As protesters marched through downtown Cairo toward Talat Harb Square, where they were vastly outnumbered by riot police officers in black uniforms wielding truncheons, they chanted “Down with Mubarak” and “Down with the military state.” But they also carried signs with slogans like, “Egyptians are one people” and “Citizenship is the way out from the slide into sectarianism.”

This attack has so shaken the nation that for the first time in recent memory, there has been a torrent of support for the Christian community within the national news media — and a direct challenge to the government’s narrative, which tends to overlook the tense backdrop of interfaith relations.

“They want there to be no more Copts in Egypt, but it’s not going to happen,” said one of the demonstrators, Lotfy Fahmi, referring to Muslim militants. “This is our country, and we want our rights.”
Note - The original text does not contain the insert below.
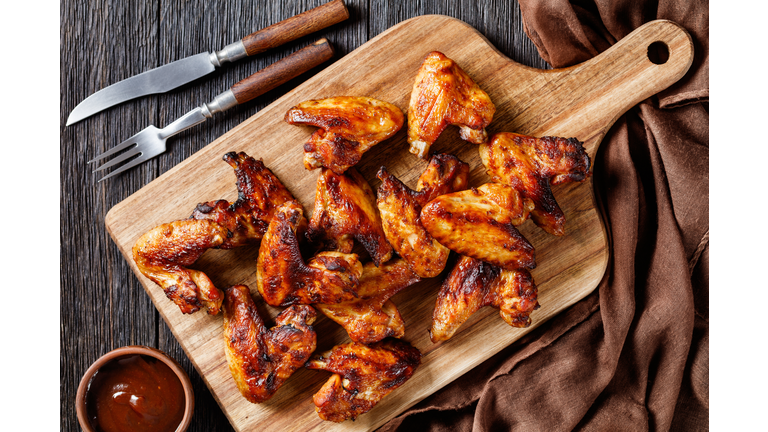 crispy fried chicken wings served on a wooden board with barbeque sauce on dark wooden table, flat lay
“Stop playing with words, stop fooling us, stop lying,” wrote Belal Fadl in Al Masry Al Youm. “How many victims are necessary in order for you to take responsibility and realize that we are before a matter of life or death for this country? Do not lie to yourselves and to us with your big words. The Alexandria massacre was targeted at Egyptian Christians.”

The bomb blast recalled a similar, if less deadly attack last year in Nag Hammadi. In that episode, a gunman opened fire on congregants as they filed into the streets after a Coptic Christmas Mass, killing several people. The security services insisted that the shooting was a revenge attack and not the result of sectarian strife, though they noted that it was revenge tied to accusations that a Christian man raped a Muslim girl.
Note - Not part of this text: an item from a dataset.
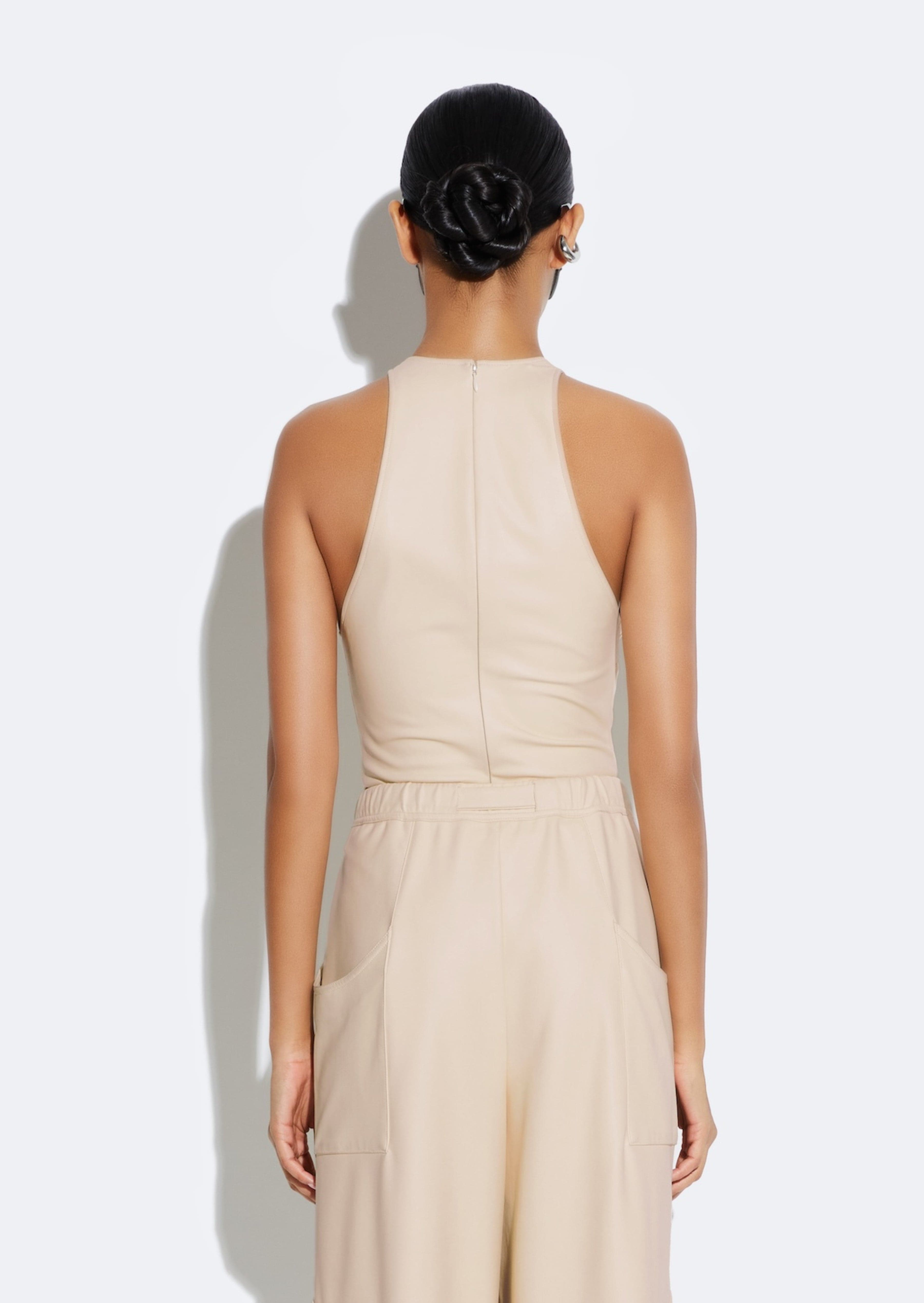 Stretch Faux Leather Plunge Neck Bodysuit in Ecru Tan and Neutral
This time the government has said it appears the attack was at least inspired by Al Qaeda, and the government claims that there is evidence of a foreign element in the planning. That is a claim, however, that disappoints many here, who see it as a way for the government to evade the issue of growing sectarian divisions. Mr. Mubarak’s unusually rapid response to the shooting, with a televised national address, did little to calm that grievance, people here said.

“So far Mubarak’s televised speech seems to have been retrieved from a database in the ’90s where this is portrayed as an individual criminal act, without offering any context,” said Hossam Bahgat, executive director of the Egyptian Initiative for Personal Rights. “The message the Coptic community has been trying to send very loudly over the past few days is that they are angry as much about the attacks on New Year’s Day as about the injustices they have been subjected to.”

Liam Stack reported from Cairo, and Michael Slackman from Berlin. Mona El-Naggar contributed reporting from Cairo.